Ce nouveau dispositif conduira en outre les co-associés de la SCI à organiser contractuellement les conséquences de l'exercice du droit de préemption en cas de cession par l'un d'eux de sa participation dans la SCI. Dans cette hypothèse, les parties veilleront à ériger l'adhésion au pacte d'associés en condition de la cession des parts de la SCI, ou à tout le moins à annexer à la déclaration d'intention d'aliéner (DIA) les stipulations du pacte, de telle sorte qu'elles deviennent opposables au titulaire du droit de préemption.
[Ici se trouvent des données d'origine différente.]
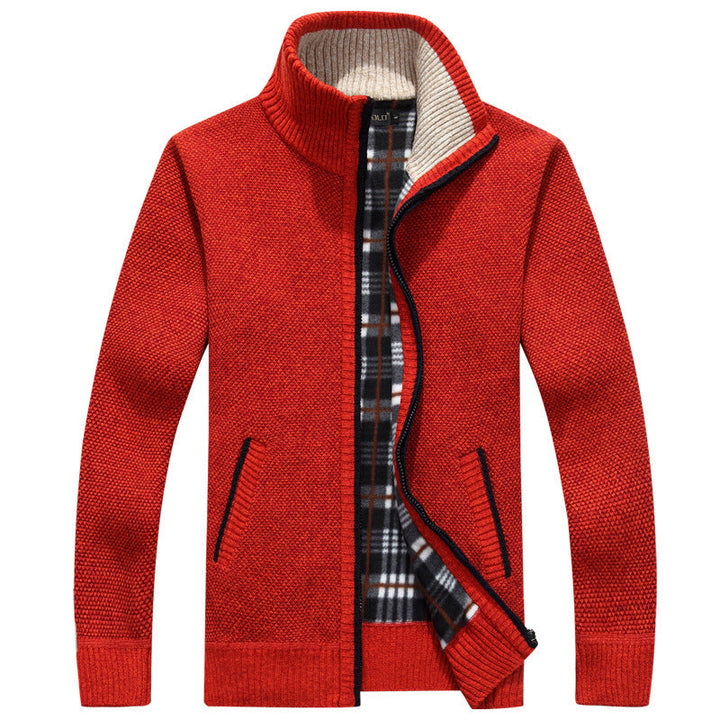 Men's full zip jacket with cozy plaid lining, stylish & warm for autumn & winter.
En outre, les parties encadreront strictement les règles de liquidité du pacte afin qu'un mécanisme de sortie conjointe permette aux associés restants de se joindre au processus de cession, leur évitant ainsi de devenir co-associés avec le titulaire du droit de préemption.

Valorisation et fixation du prix de cession

Le législateur a introduit un mécanisme permettant au titulaire du droit de préemption de solliciter, dans le délai de deux mois qui lui est imparti, des documents "permettant d'apprécier la consistance et l'état de l'immeuble, ainsi que, le cas échéant, la situation sociale, financière et patrimoniale de la société civile immobilière" (dont la liste sera déterminée par décret) ainsi qu'une visite de l'immeuble. Cette demande interrompt le délai de préemption, qui ne recommencera à courir qu’à compter de la remise des documents, ou selon le cas de la visite ou du refus de visite par le cédant (sans que le délai résiduel puisse être inférieur à un mois). Enfin, l'application des clauses de fixation et d'ajustement du prix des parts (notamment à la hausse) vis-à-vis du titulaire du droit de préemption, pourrait soulever des difficultés. Par définition, seul le prix provisoire sera connu au moment de la DIA. Il sera donc important d'y annexer les mécanismes d'ajustement de prix ainsi que les comptes provisoires de la SCI, et de notifier au titulaire du droit de préemption les éléments d'ajustement du prix lorsqu'ils seront disponibles.